„Für einen doch schmerzlichen Takt ineinander“
Schöne tiefe Abgründe liegen zwischen den Zeilen von Nancy Hüngers neuem Lyrikband. In acht unterschiedlichsten Kapiteln schickt sie ihre Leser*innen beispielsweise durch „Liederliche Lieben“, lässt sie „Rupfen in fremden Gärten“ und erzählt „Aus der Werkstatt betretenen Schweigens“. Wie im Titel schon angedeutet, dreht sich in der Tat in diesem Buch vieles um Musik, Rhythmus und Klang. Musikalität scheint in Hüngers Schreiben notwendig, auch in den Kapiteln, die nicht ausschließlich diesem Thema gewidmet sind. Der Rhythmus der Sprache sucht sich seinen Weg zwischen Worten, Zeilen, Versen. So entsteht eine Verbindung, ja, eine Verschmelzung, ein Gesang.
„ ...Wir hören mit den Lakenohren, leicht
verklebt, die Häuser rufen, Welpen schreien mit Kinder-
stimmen oder welpenhafte Kinder, die aus Fenstern trieften,
Welpen warfen, zu den kreischenden Hornissen ....“
Aber auch der zweite Teil aus der Titelzeile ist gewichtig und legt sich fast durchgängig auf jedes Kapitel: der Abschied, die Einsamkeit. Überhaupt scheint mir Unberührbarkeit ein Merkmal von Hüngers Spracharbeit: Was eben noch auf der Zunge zergeht, ist im nächsten Moment schon wieder gefroren. Ein ständiges oft unruhiges Hin und Her zwischen Zweisamkeit und dem Erlebnis Einsamkeit zeigt sich und macht sich breit. Ein Kampf tobt zwischen diesen Aggregatzuständen – welcher ist leichter aushaltbar?

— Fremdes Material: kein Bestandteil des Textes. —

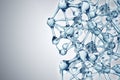 Molecule illustration over blue background, Life and biology, medicine scientific, molecular research dna.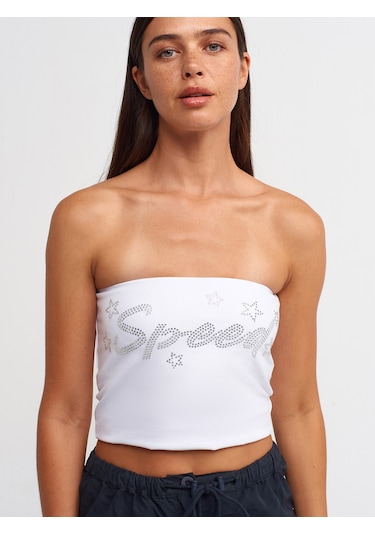 Dilvin Baskılı Crop Top Beyaz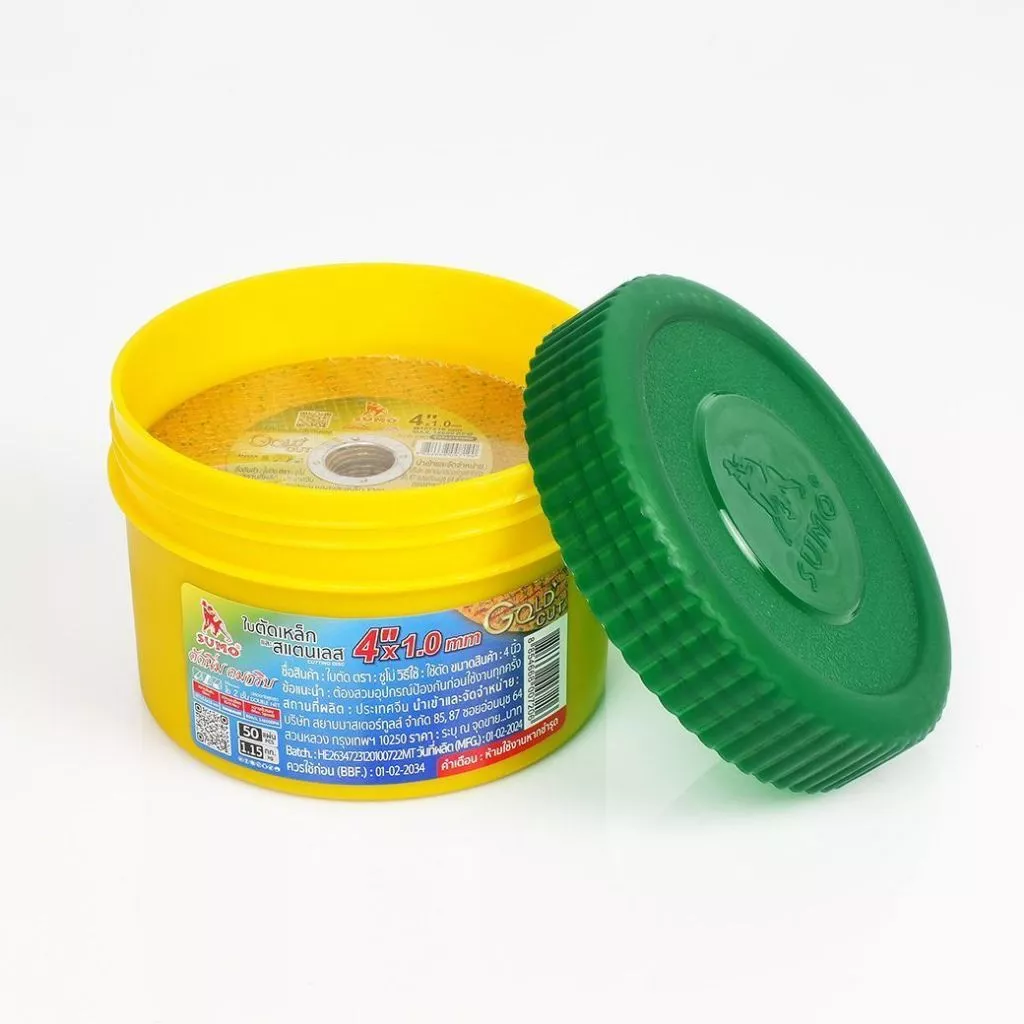 (50ใบ/กล่อง) SUMO Gold Cut / Power Cut ใบตัด 4"x1.0x16 ใย 2 ชั้น กล่องใส /กล่อง เหลือง-เขียว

„ ... üb dich mein Bürschlein im GEH ODER BLEIB
aber üb dich am Alphabet sind manche schon verzweifelt
zwei Finger kurz vor knapp daneben wie auch immer ...“
Nancy Hünger macht es ihren Leser*innen nicht immer leicht. Mit einmal lesen ist es nicht getan. Auch mit zweimal nicht. Ihre Lyrik beansprucht äußerste Konzentration und starke Zuwendung. Das Schöne: Je öfter man liest, desto mehr lassen sich die Gedichte durchdringen, sie öffnen sich. Hünger spielt ihr lyrisches Ich und oft das lyrische Wir gegen alles aus. Ich und Wir treten niemals zurück in den Versen, sie sind in großer Dichte präsent, stehen im Vordergrund: das Orchester stimmt sich ein. Dahinter die Bühne der Worte, die Schauspieler: bis sie ihren Platz einnehmen, passend ankommen im Kopf der Leser*innen, darf Zeit vergehen.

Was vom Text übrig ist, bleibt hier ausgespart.